Now, first of all, it may be remarked that the adoption of any particular theory respecting the final significance of morality has very little to do with one's practical sentiment towards this quality. A person may fully recognise that virtue owes all its worth to its

paramount value in the production of human welfare, and yet love and revere it very much in the same way as other men who know nothing of this ethical question. Indeed the very recognition of this supremacy of the life-end over the moral end, may lead one to devote himself to earnest pursuit of the latter and narrower, as one of the surest means of realising the former and wider aim.* Further, it may be well to remind ourselves of what a revered wisdom some time since taught us, that the final ascription of all moral worth to the results of conduct does not compel one to exclude from this category of conduct the silent government of thought and feeling, or to deny the very highest value to the invisible dispositions and impulses which are a main condition of external conduct.

Nor is this all. It may be urged with considerable force of reason that the necessity of private moral discipline is rendered more evident on this empirical theory of duty, than on any other theoretic basis. Let us compare it, in respect to its capability of inculcating this discipline, with the two other rival theories, the theological and the intuitive.

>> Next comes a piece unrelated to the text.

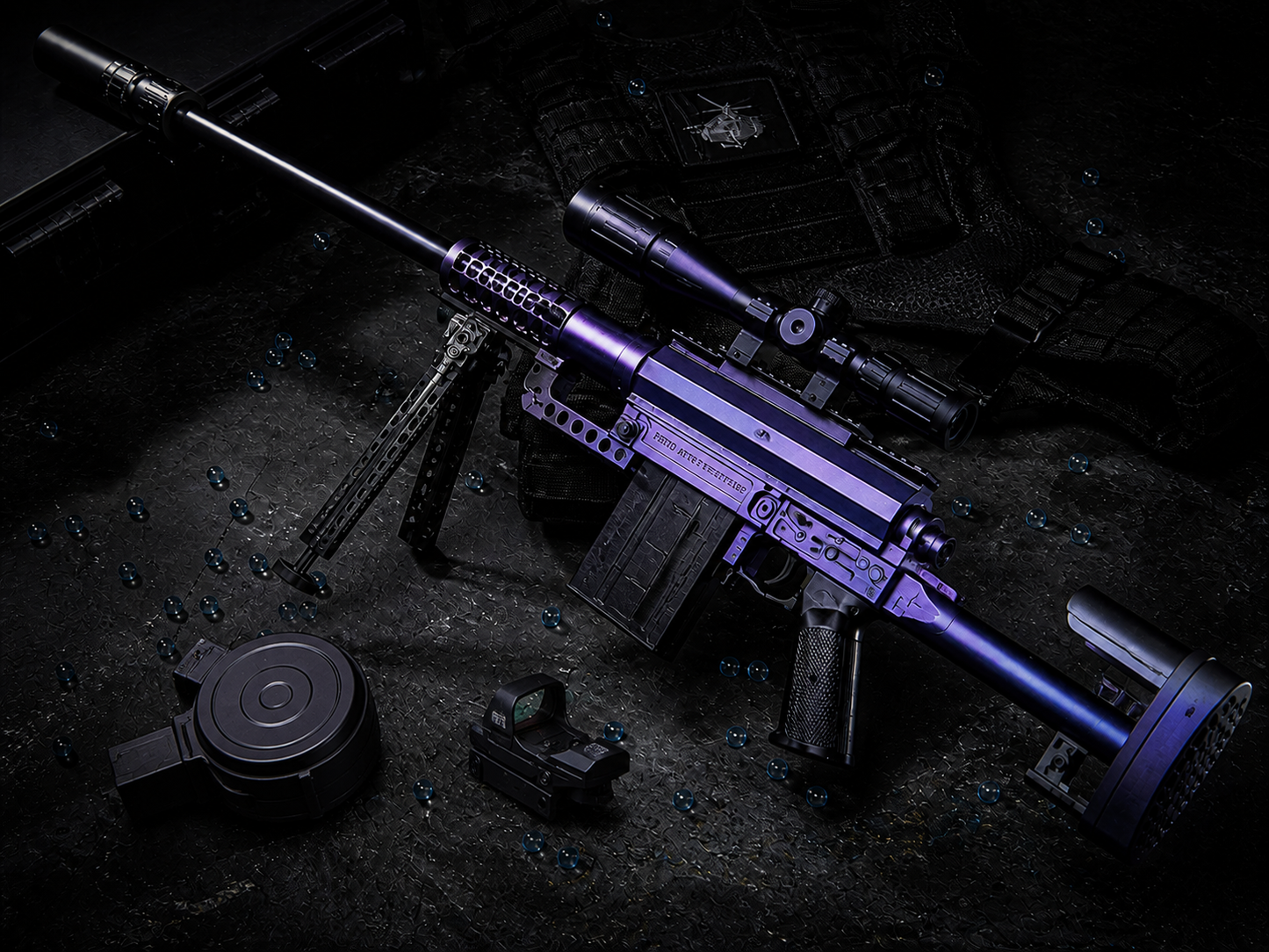 M200 Gel Blaster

First of all, then, the utilitarian theory presents us with by far the most complex intellectual problem in the discovery of duty and in the appreciation of the highest excellence. On the supposition that all needed morality is supplied us in a divine revelation, the main difficulty is one of interpretation. If the idea of virtue is an innate possession of the mind, capable of being discovered by introspection, there may be need of thought in the separation of this idea from the mental effects of experience, and in the discovery of the orders of action and of character to which the seal of intuitive selection properly belongs. But there is no doubt about the existence of definite and "eternal" laws of right, and of their correlative forms of thought in the untaught mind, if only care be given to the recognition of these. On the other hand, to one who adopts the experience theory the task is far greater. Starting from the assumption that all

*This has been well illustrated in the autobiography of Mr. Mill. While feeling that happiness was the one aim of life, he saw also that an attempt to compass this vast object directly in conscious pursuit would defeat itself, and that in order to secure the widest possible measure of happiness it is necessary to renounce the immediate search for it, in favour of a limited and practicable endeavour after some definite condition of it. One is not a little surprised to find that so discerning a writer as Professor Caird declares this to be an "inconsequence." See a review of The Logic of Hegel in the Academy of January 10th, 1874.